State GOP Gets Lesson in Control of Conflict : Politics: And passes it, too, as convention approves a resolution limiting party participation by gay groups and papering over other volatile issues.


California Republicans smiled and patted each other on the back Sunday, having taught themselves a lesson they called "conflict management."

That is, they managed to avoid airing long and divisive conflicts among themselves over fiery and familiar issues like gay rights, abortion and gun control. In the past, these have been matters that often painted GOP conventions as a forum for single-issue zealots.

As the state GOP concluded its three-day spring convention, perhaps the most surprising development was that the 900 delegates voiced not a word of dissent in approving a declaration that limits the participation of homosexual groups in party affairs. The secret, explained by party chairman Frank Visco, is to make the statements innocuous.

Conservative leaders, led by Rep. William Dannemeyer of Fullerton, have been lobbying and maneuvering for months to purge a gay GOP club from official party recognition. Gay leaders and the party's civil libertarian elements have fought back gamely, saying the GOP was big enough for all kinds of voters.
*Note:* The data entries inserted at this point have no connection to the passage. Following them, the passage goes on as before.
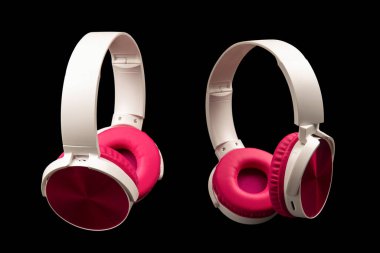 Siyah arkaplanda pembe ve beyaz kulaklıklar var.. 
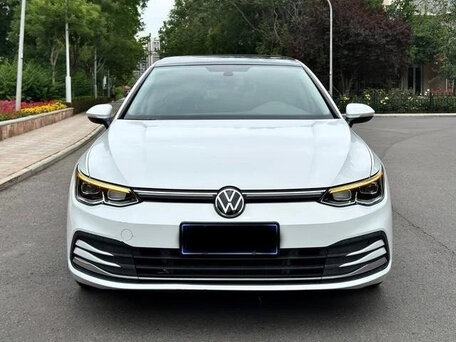 2022 Volkswagen Golf VIII, белый, 1860000 рублей, вид 1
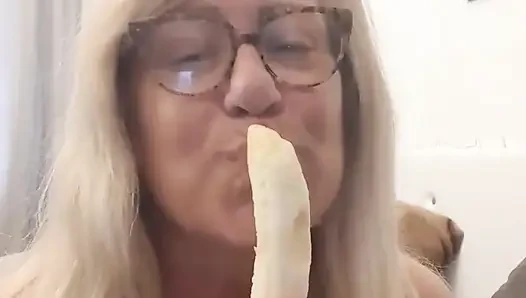 Fina masukin pisang ke dalam memeknya. Cewek sange ini lagi asik masturbasi memeknya sampai dia keenakan!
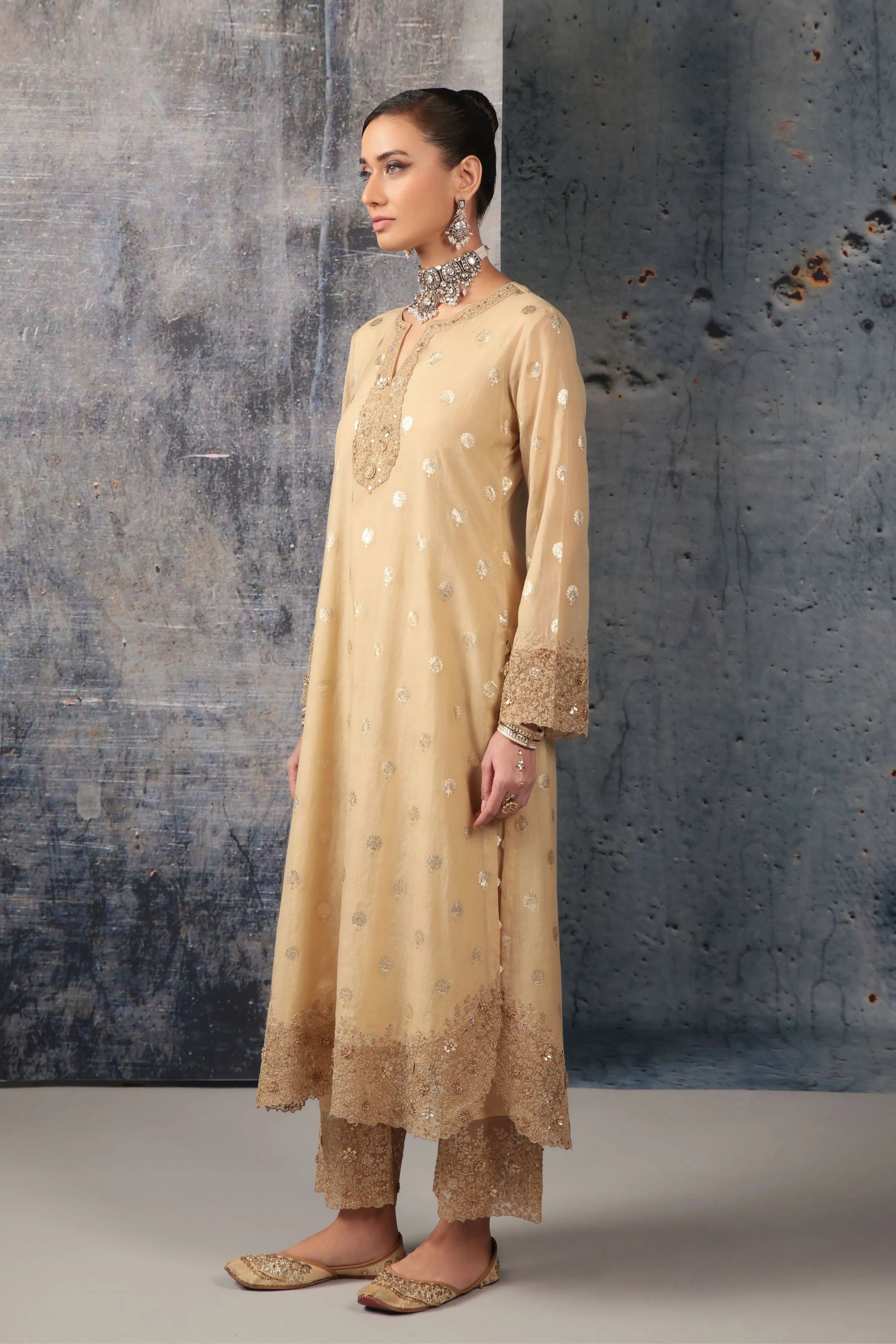 Mehrang Ivory Farshi Kurta Set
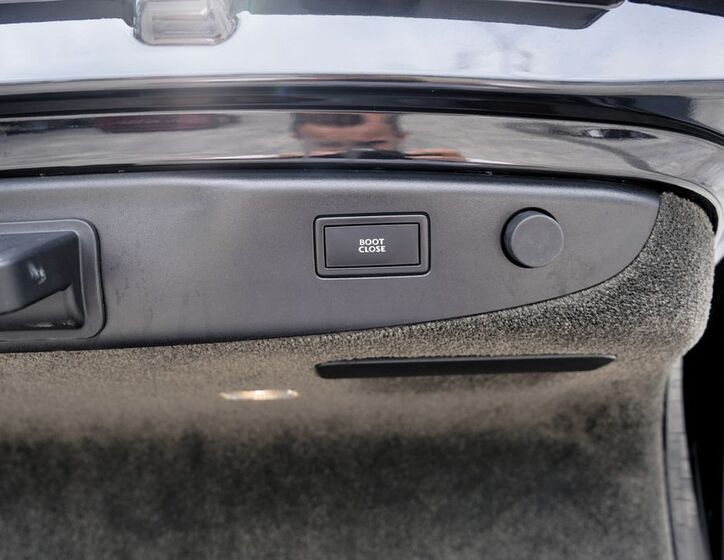 Bentley Flying Spur 12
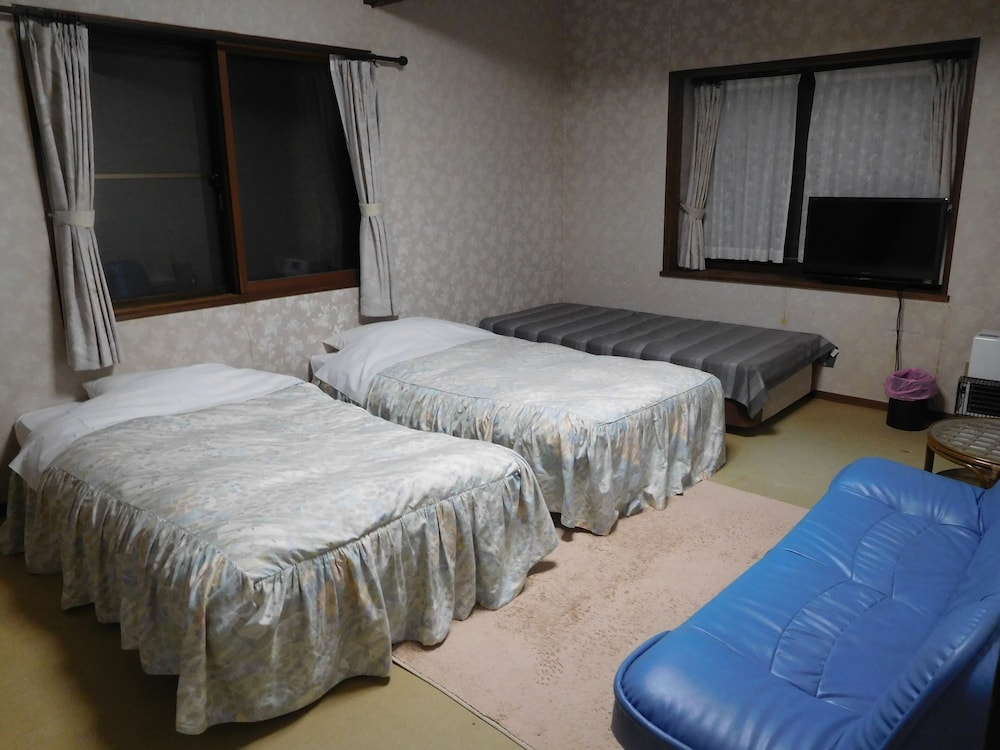 Basic Quadruple Room photo 1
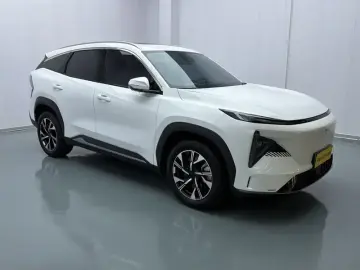 2024 Geely Galaxy L7 с пробегом 22 000 км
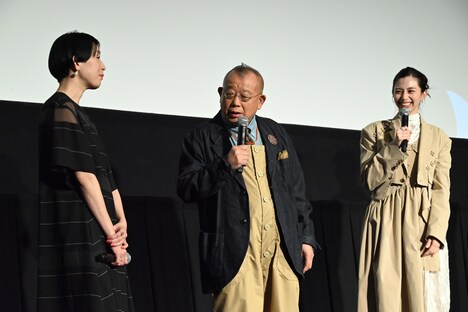 映画「あまろっく」完成披露舞台挨拶の様子。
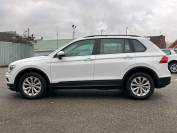 VOLKSWAGEN TIGUAN 2019 (69)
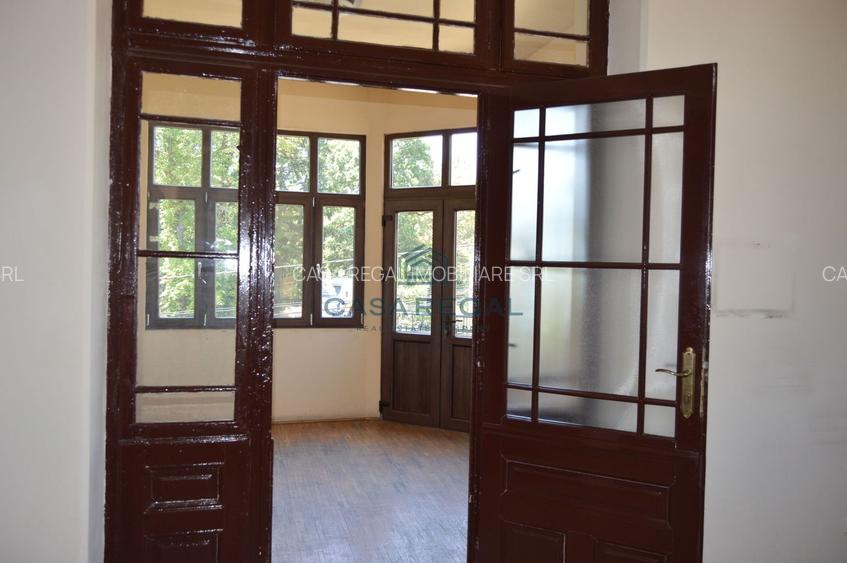 Cladire 4 nivele in centrul istoric - 21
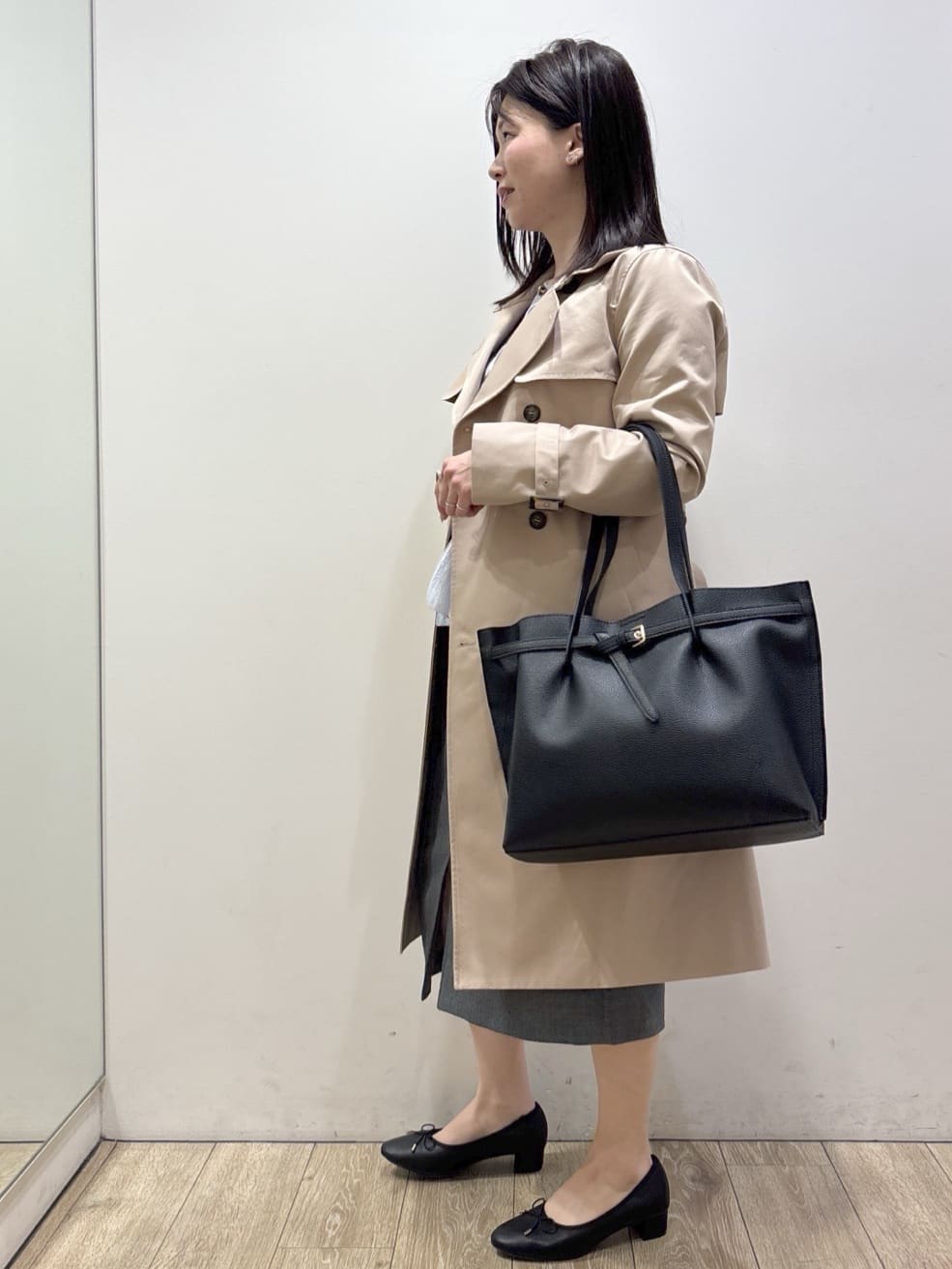 mameさんの「index｜撥水トレンチコート【洗濯機OK／花粉対応】《XS～3L》」を使ったコーディネート
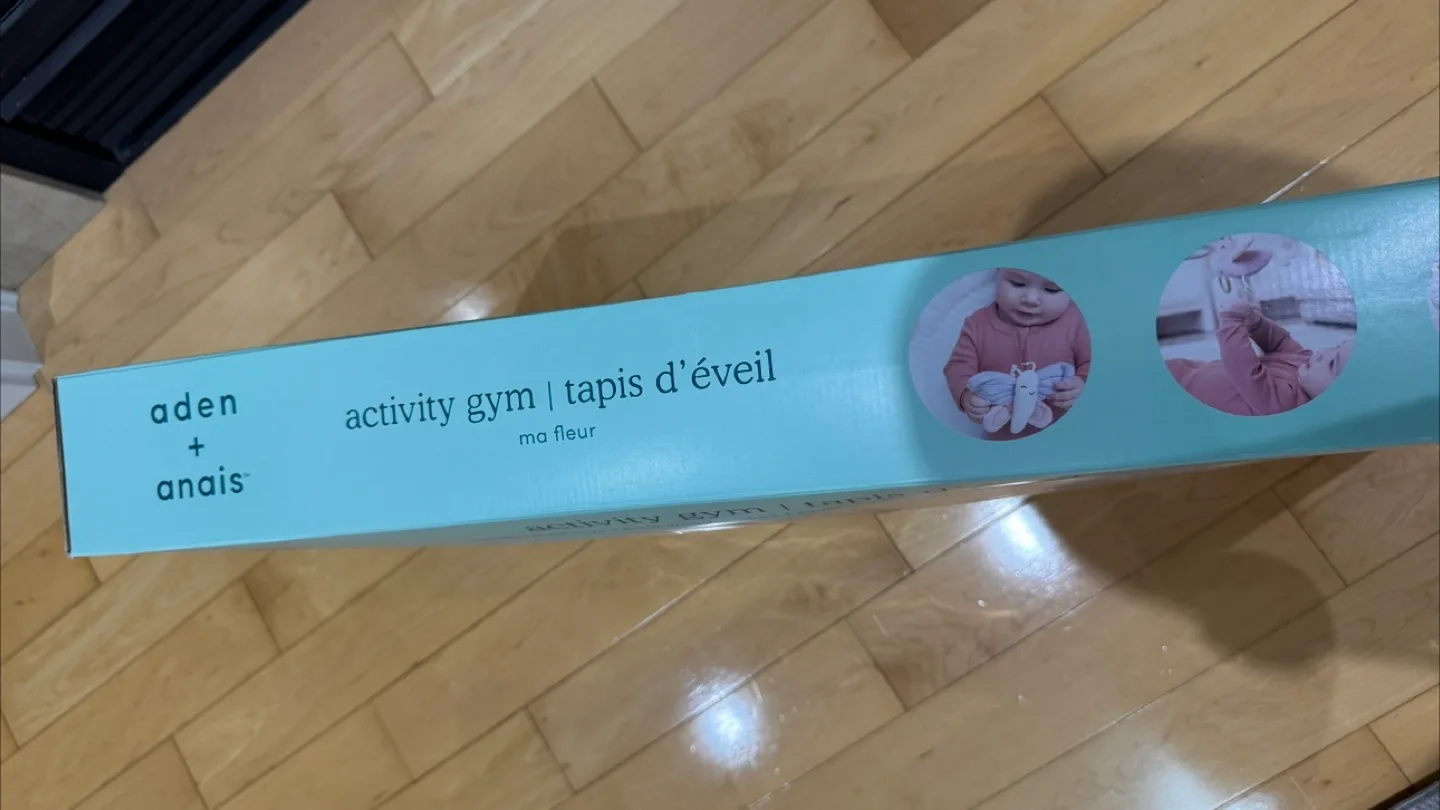 Brand new Aden + Anais Activity Gym image indicator(3)
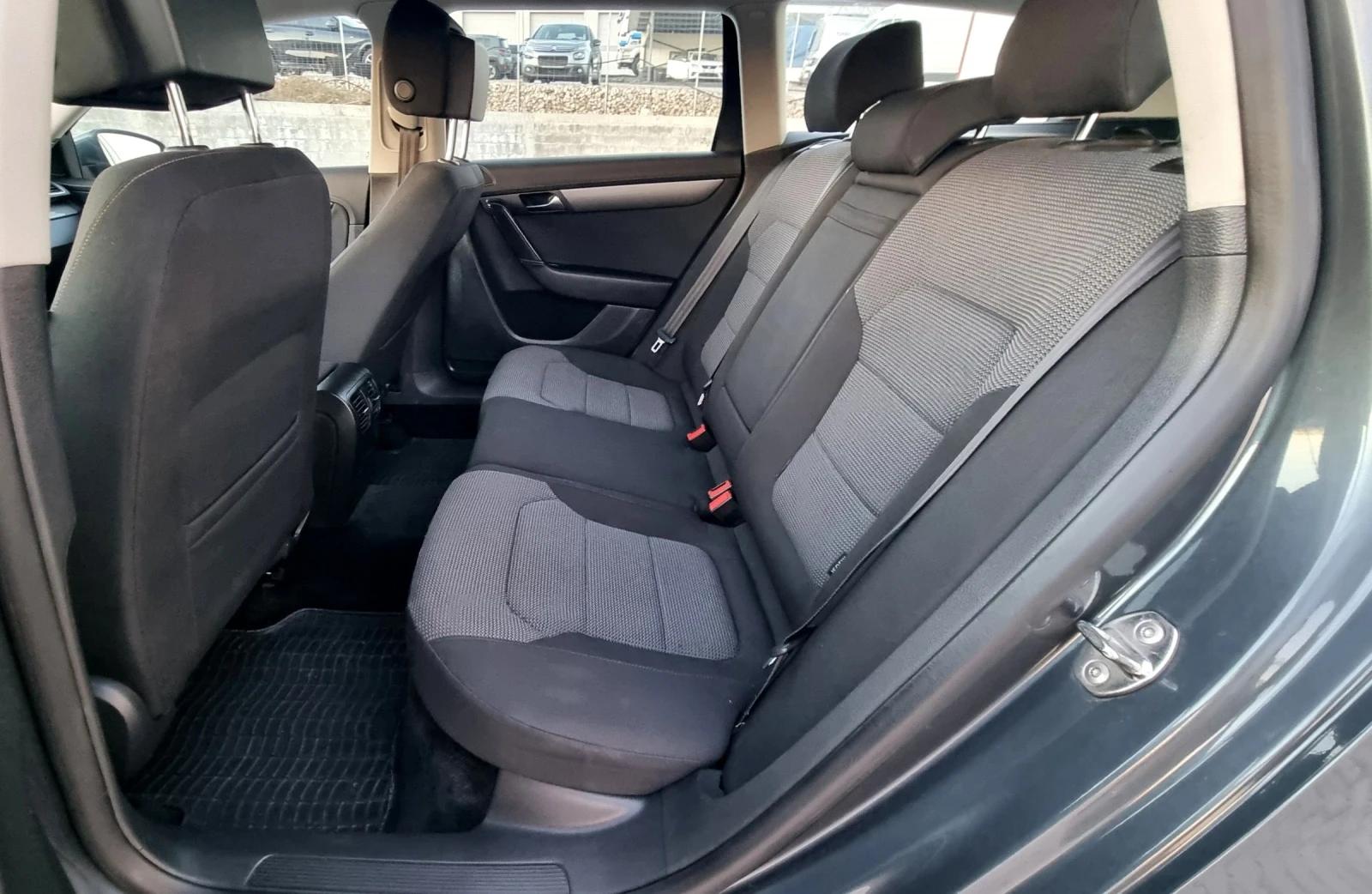 VW Passat 2.0tdi DSG | Mobile.bg   11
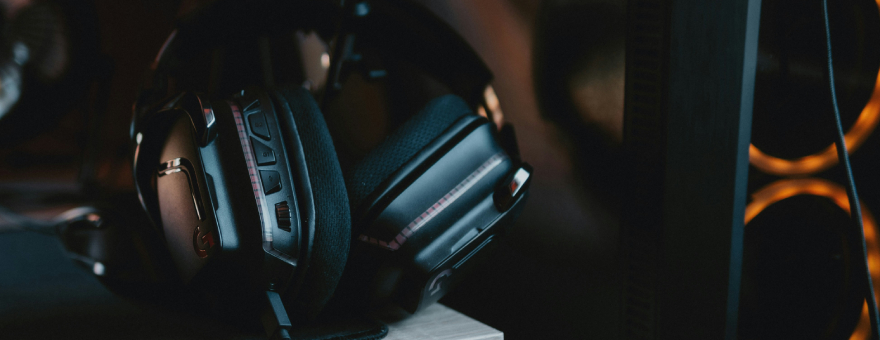 Wired vs Wireless Headsets: Which Should You Buy (and Why)? large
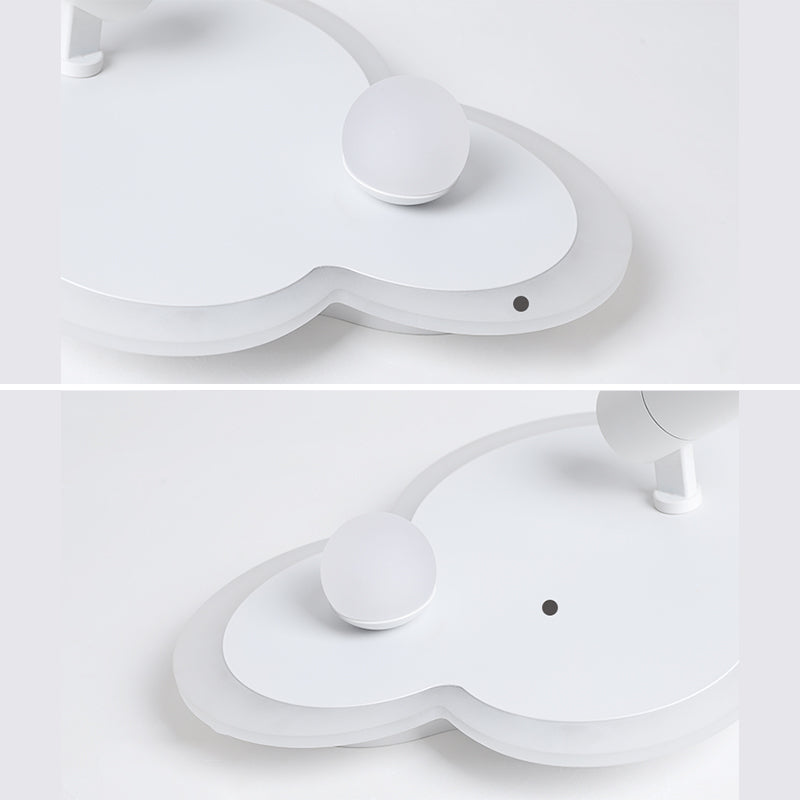 Wolkenform Aluminium LED Flush Mount Modern White Flush Bedroom Ceiling Lights mit Spotlight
The matter was settled, seemingly to everyone's satisfaction, with the crafting of a resolution stating that GOP clubs should not be recognized if their charter is "based upon sexual orientation or based on the promotion or advocacy of any particular sexual life style."

Dannemeyer and allies pronounced themselves pleased. But he acknowledged the policy statement would have no effect on any group now part of the state GOP, because no club charter contains reference to sexual orientation.

The strongly anti-gay congressman added, though, that he believes the resolution will stop the party from making any overtures to homosexual groups.

Stephen M. Kinney, regional political director for the Republican National Committee, said the painless compromise proved the party's determination to get serious this election year. "More and more, we're understanding that internal squabbling doesn't help us," he said.

Others called it part of the GOP's new "conflict management."

Also approved by the convention without debate were resolutions declaring that homosexuals should not receive special civil rights protection from the government based on sexual orientation, as well as a measure objecting to any public school counseling program that "suggests that homosexuality is a positive alternative lifestyle."

Meanwhile, conservatives who object to gun control did not even make a showing at the convention, and both sides in the bitter fight over abortion quietly accepted a delay until the party's next convention in July to argue that matter.

In a victory for Gov. George Deukmejian, the convention endorsed a June ballot proposition seeking a gasoline tax increase to pay for highway improvements. Although he has opposed tax increases throughout most of his political career, Deukmejian is a leading advocate of the higher gasoline tax.

While there was consensus at the convention, Republicans found themselves short on another important ingredient for political success: excitement.

Their candidate for governor, U.S. Sen. Pete Wilson, worked for hours on a speech Saturday night in which he attempted to energize the party faithful. But it was greeted with perfunctory applause, and interviews with more than a dozen random delegates immediately afterward failed to find a single one who could recall something inspirational or memorable that he had said.

The speech was devoted largely to themes that have become almost generic to the GOP. Wilson asserted it is the party of the flag and "not those who would desecrate the flag."

He also said: "We are the party that wants criminals handcuffed by police, not the police handcuffed by a criminal justice system. . . . The best social program is a job. . . . We will not tolerate California under siege to rapists and thugs and drug dealers. . . . We are the party that seeks excellence in education. . . ."

Wilson aides said the purpose of the message was to reaffirm the party's conservative ideals, not break new ground.